[[ Records supplied open ]]
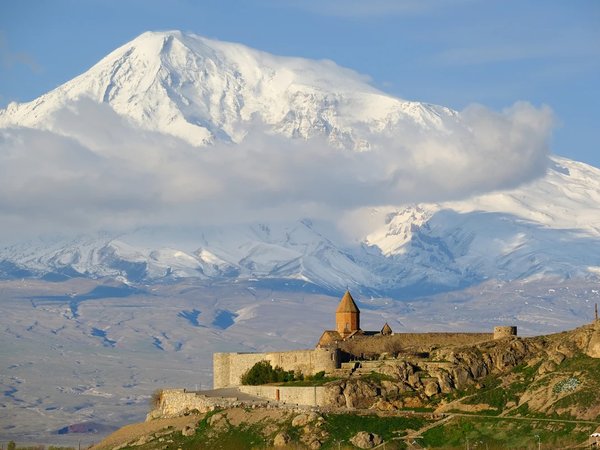 Автобусная экскурсия «Древний и живописный юг Армении» - фото 2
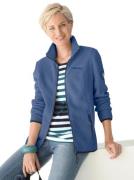 Casual Looks Fleecejack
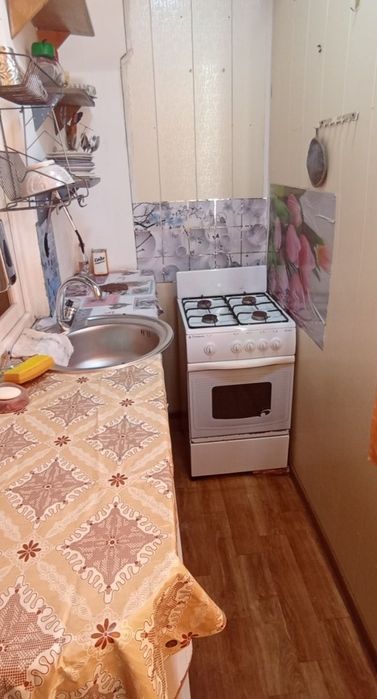 Аренда квартиры 1/4/4 Мирзо Улугбекский район. Карасу-6 . Обл Гаи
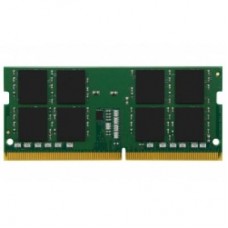 Модуль памяти для ноутбука SoDIMM DDR4 16GB 3200 MHz Kingston (KVR32S22D8/16)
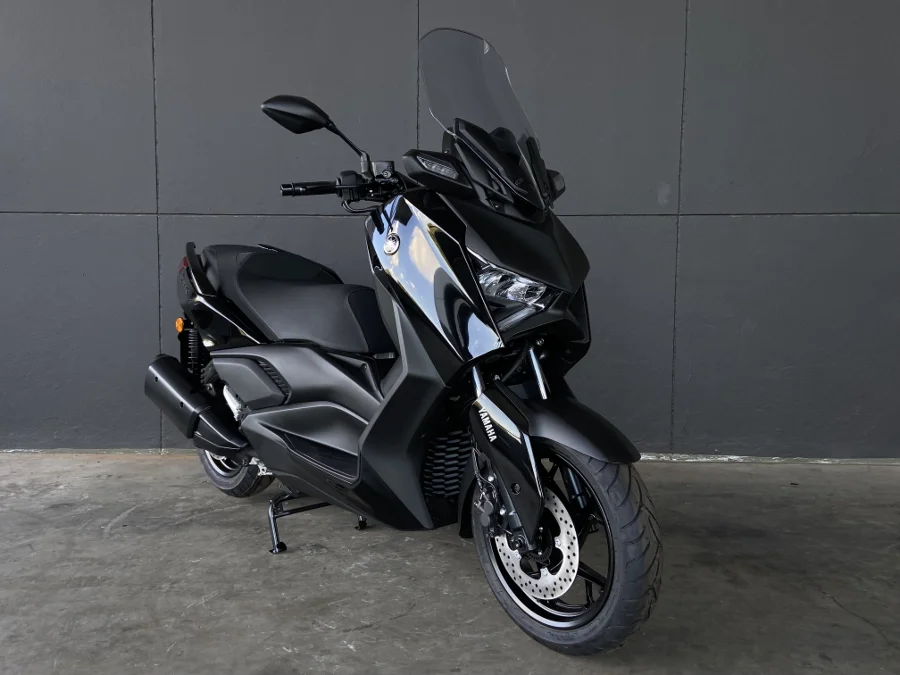 YAMAHA 300 XMAX - FAST KTM YAMAHA 300 XMAX - FAST KTM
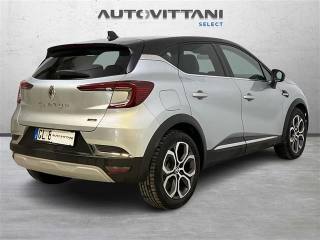 RENAULT Captur usata, con Airbag laterali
[[ Records supplied closed ]]
→ **Description of the task**
From the first line to the last, repeat the entries exactly and leave out the pictures.

→ **Exercise result**
 Автобусная экскурсия «Древний и живописный юг Армении» - фото 2
 Casual Looks Fleecejack
 Аренда квартиры 1/4/4 Мирзо Улугбекский район. Карасу-6 . Обл Гаи
 Модуль памяти для ноутбука SoDIMM DDR4 16GB 3200 MHz Kingston (KVR32S22D8/16)
 YAMAHA 300 XMAX - FAST KTM YAMAHA 300 XMAX - FAST KTM
 RENAULT Captur usata, con Airbag laterali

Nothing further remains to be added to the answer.